CAPE TOWN (Reuters) - A U.S. Congress push to designate Nigerian militant group Boko Haram a “foreign terrorist organisation” would not help efforts to start dialogue and does not have Nigeria’s backing, its defence minister said on Wednesday.
Boko Haram, which wants an Islamic state in northern Nigeria, has been linked to 700 killings in Africa’s most populous nation over the last 18 months. Its enemies accuse it of links to al Qaeda.
“We are looking at a dialogue to establish the grievances of the Boko Haram. I think the attempt to declare them an international terrorist organization will not be helpful,” Defence Minister Bello Mohammed said on the sidelines of a meeting between South Africa and Nigeria in Cape Town.

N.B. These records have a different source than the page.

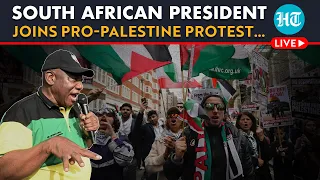 LIVE | South African President Cyril Ramaphosa Joins May Day Pro-Palestinian March |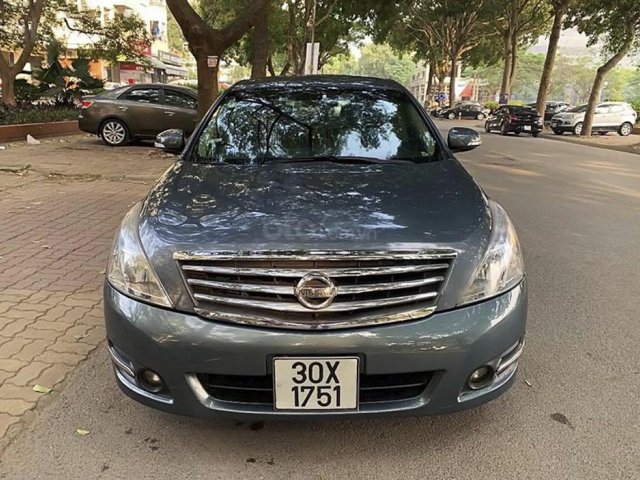 Bán Nissan Teana 2.0 AT Premium năm sản xuất 2009, màu xanh lam0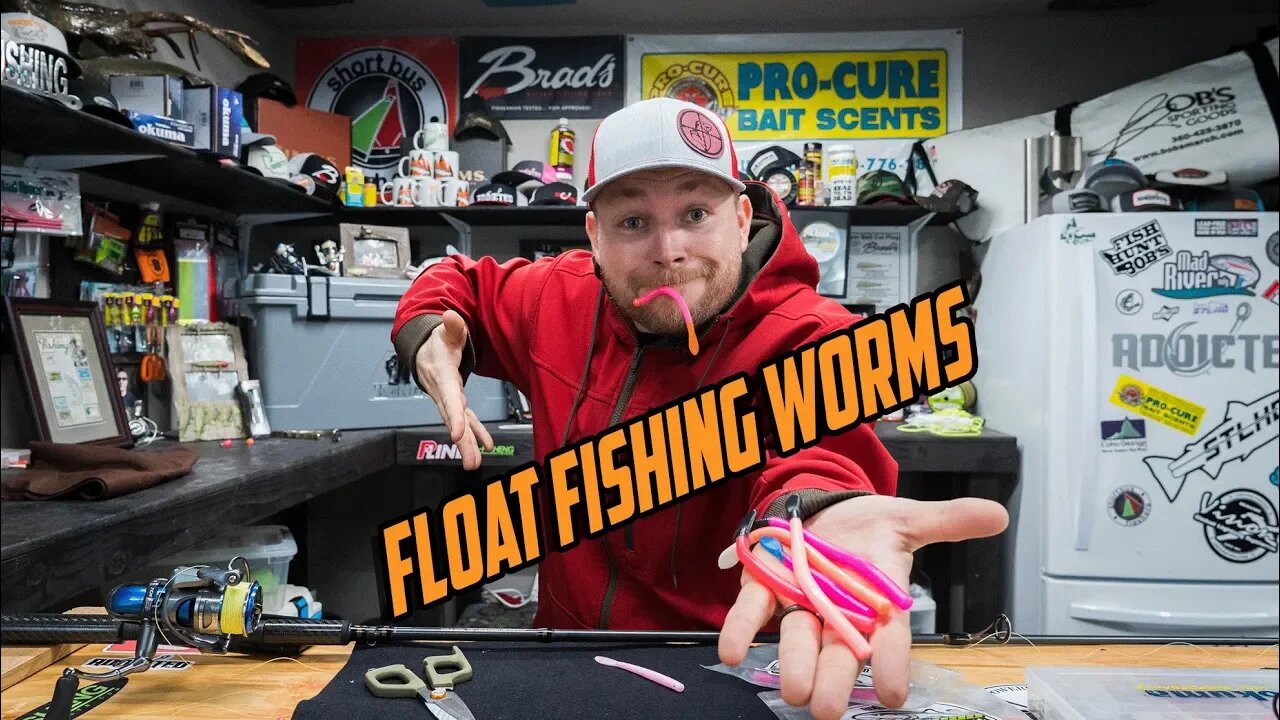 "How-To" Fixed Float Fishing With Steelhead Worms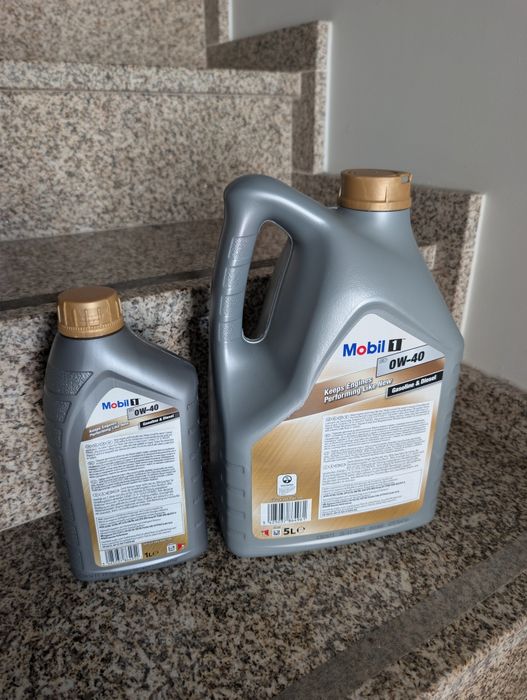 Mobil 1 FS 0W40 5L+1L - 100% Sintético 
bil.com
Mobil 1™ FS 0W-40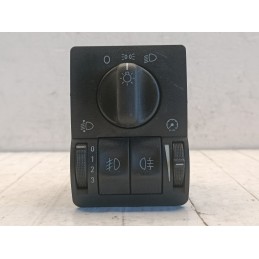 Manopola comando luci fari Opel Zafira A 9138347 09133249 1999 2005  A9978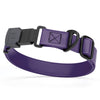 Sprenger BioThane Waterproof Dog Collar with Stainless Steel ClicLock Quick Release Buckle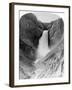 Great Falls of the Yellowstone, 360 feet, c.1883-Frank Jay Haynes-Framed Giclee Print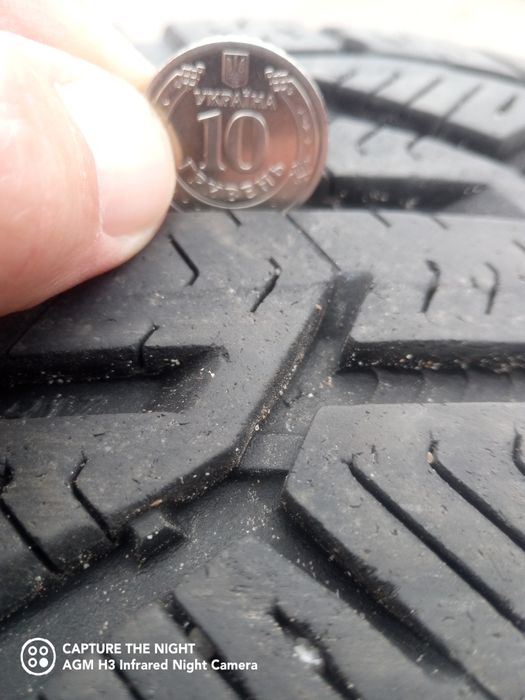 Шини 215/60/17 зимові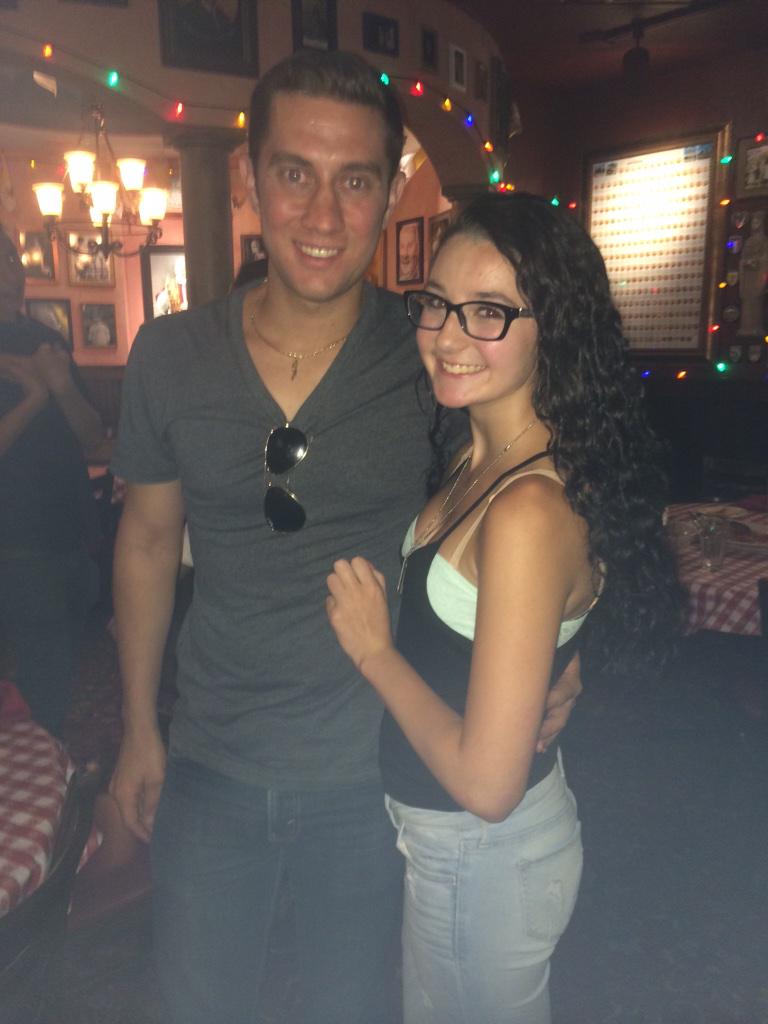 kyleegranit's tweet photo. #JakeMillerMemory2014 meeting joey g whos now 29 yet still single @ThisisJoeyG love YA bud❤️❤️😎 http://t.co/DdA59brvuS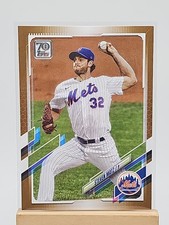 2021 Topps MLB Series 1 Steven Matz #56 Gold New York Mets /2021 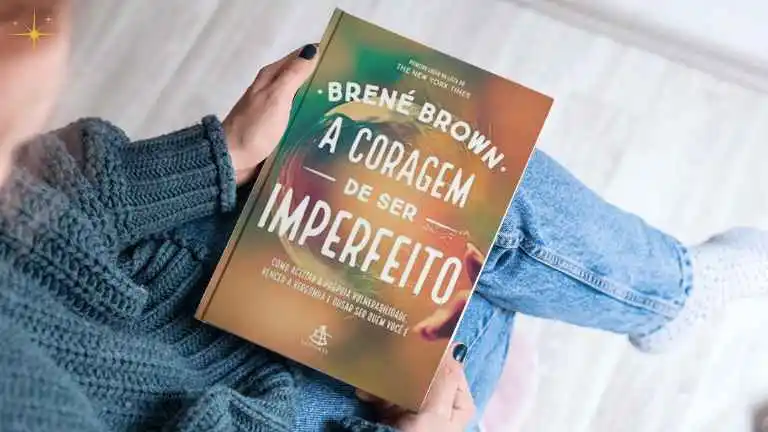 livro A Coragem de Ser Imperfeito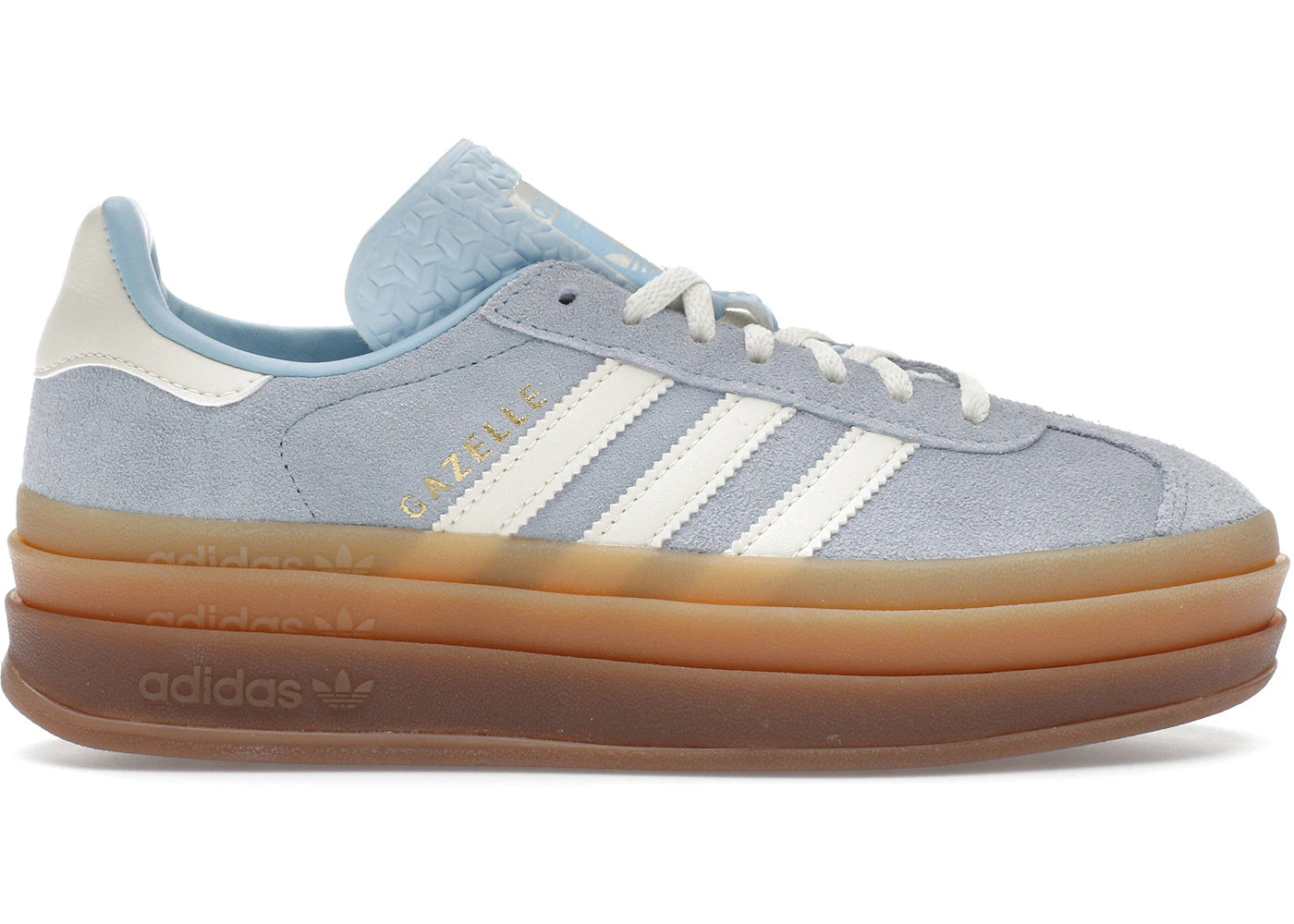 adidas Gazelle Bold Clear Sky Cream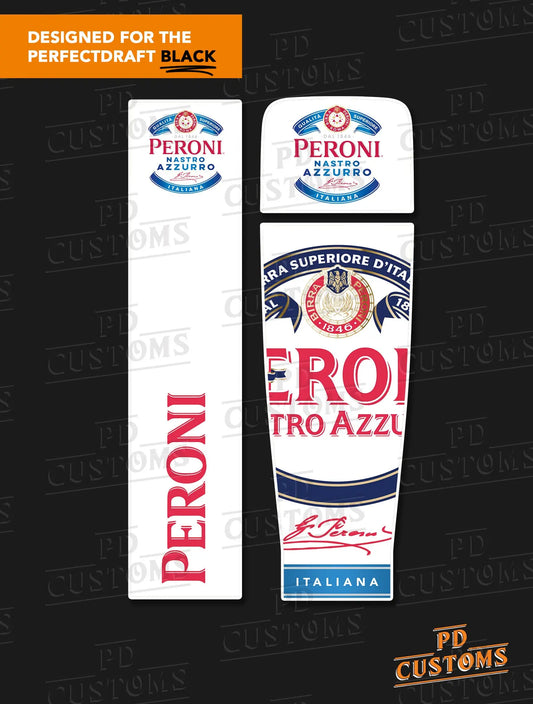 Peroni Perfect Draft Black Skin | PD Customs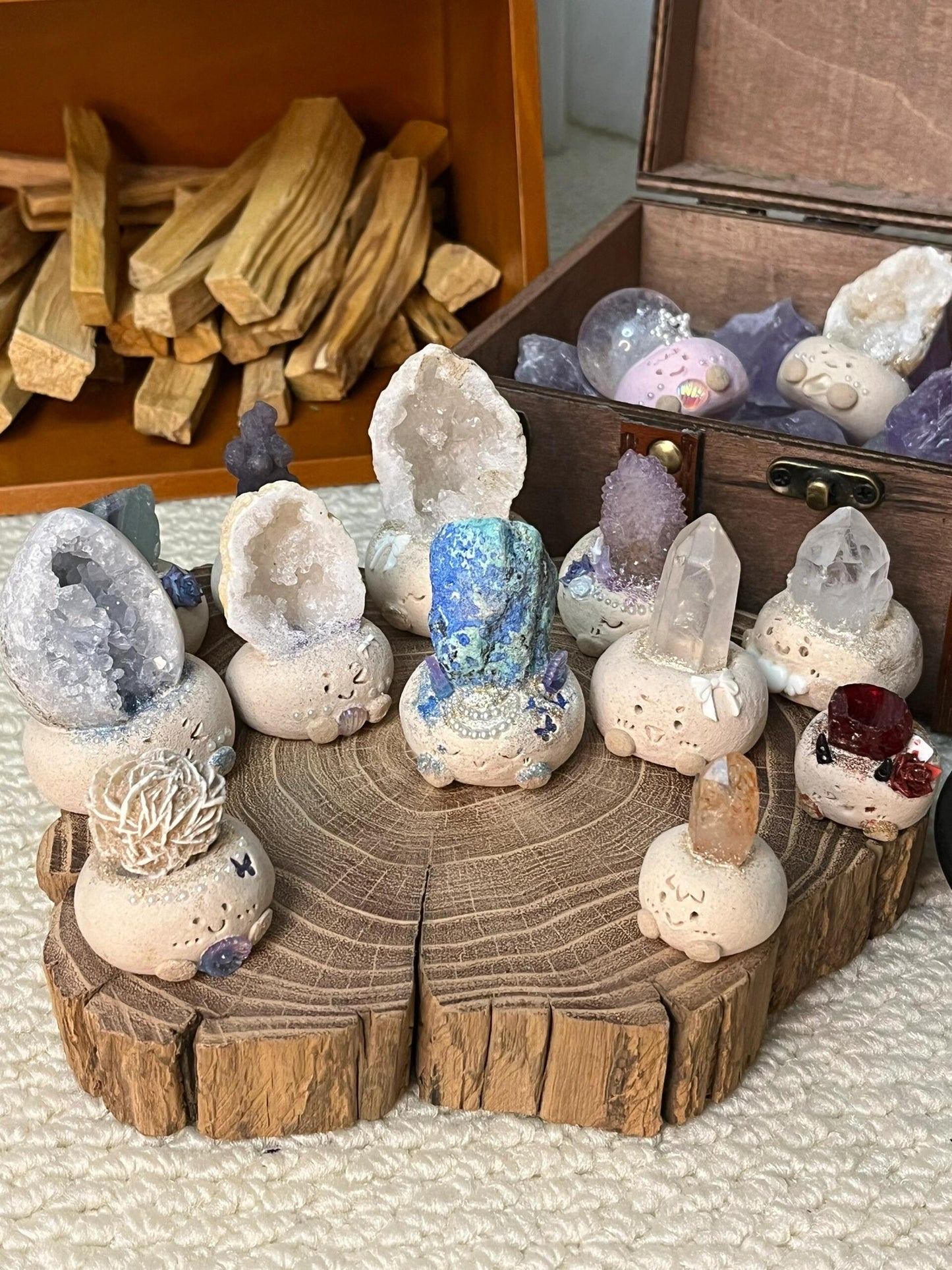 Halloween Freebies - Crystal Wish Genie 🔮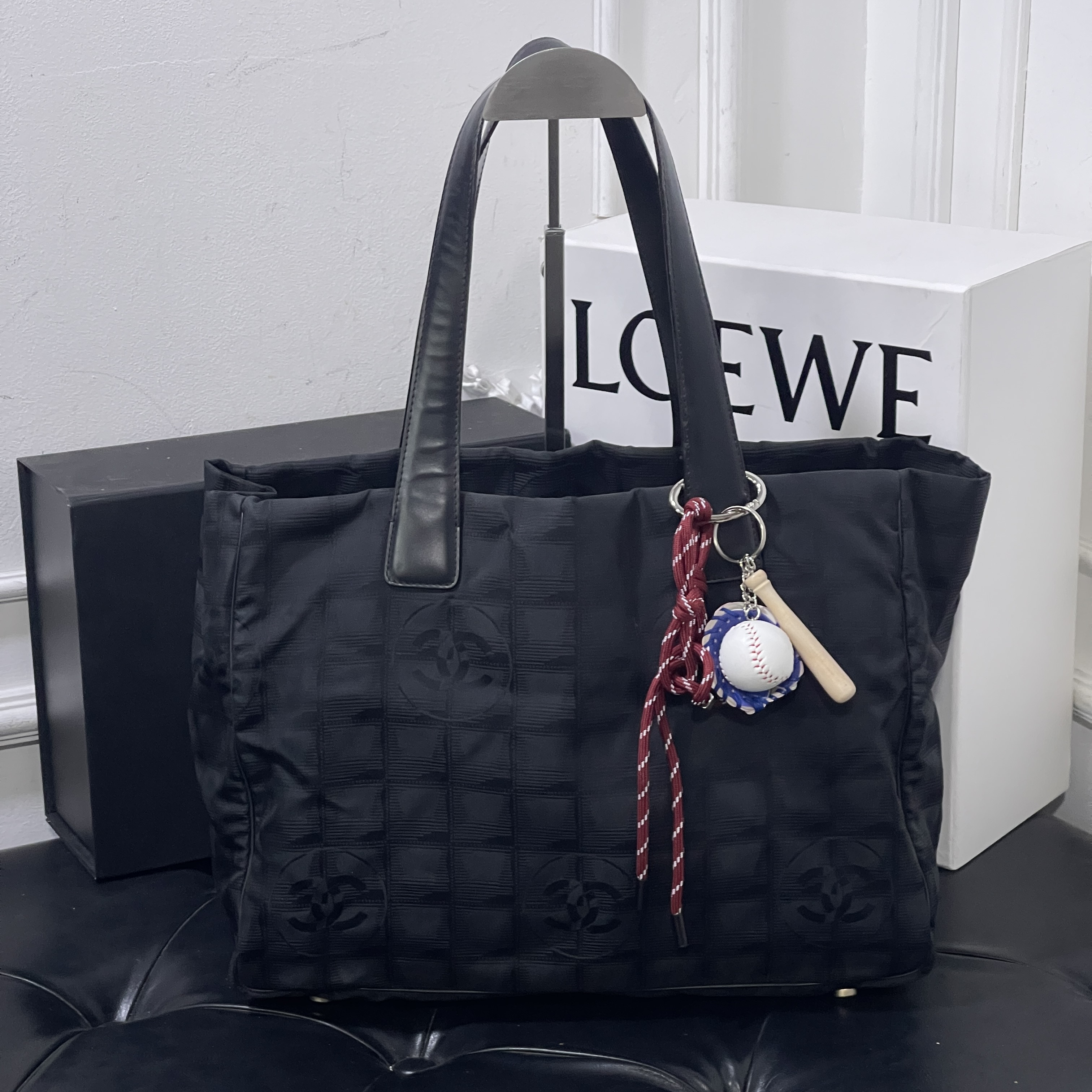 Chanel/香奈儿 单肩包 冰格tote jm7094/2505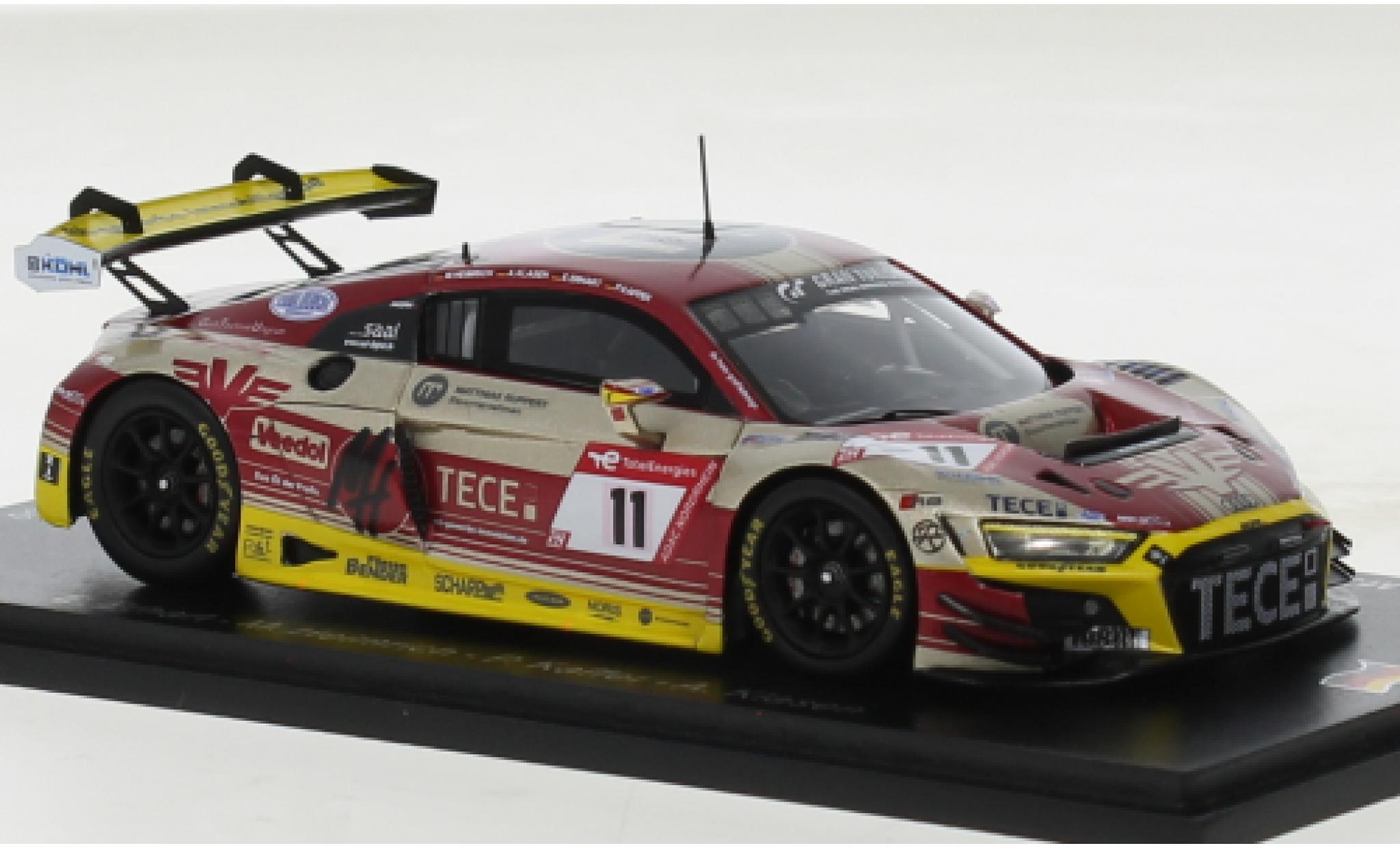 Audi R8 1/43 Spark LMS GT3 No.11 Twin Busch by equipe vitesse 24h 24h N&uuml;rburgring 2022 modelauto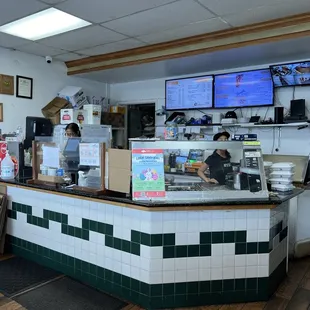 interior, sushi and sashimi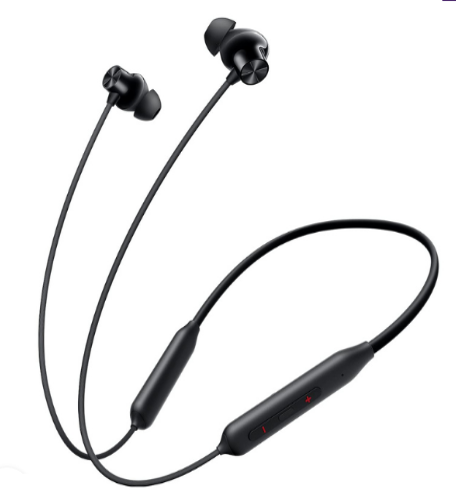 OnePlus Bullets Z2 Neckband with AI Noise Cancellation (IP55 Water Resistant, Upto 30 Hours Playback, Magico Black) Image 1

Nigeria held indirect talks with Boko Haram in March, but discussions broke down quickly and the militant group said it could not trust the government. It is unclear whether government efforts to resume links have borne fruit since.
Pressure has been growing on the Obama administration to formally designate Boko Haram a “foreign terrorist organisation.”
Scott Brown, a Republican senator from Massachusetts, wrote to Secretary of State Hillary Clinton late last week, urging her to designate the group as a terrorist organization.
U.S. Representatives Peter King and Patrick Meehan, chairmen of the House Homeland Security Committee and its counterterrorism subcommittee, released a letter they sent to Clinton suggesting the administration was moving too slowly.
Boko Haram, which means “western education is sinful”, has claimed responsibility for months of attacks in northern Nigeria. Its attacks have mainly targeted the police, churches and outdoor drinking areas.
“Boko Haram is not operating in America and America is not operating in Nigeria,” said Mohammed. “They are not involved in our internal security operations, so I don’t think it would be of much significance really in that respect. But we don’t support it.”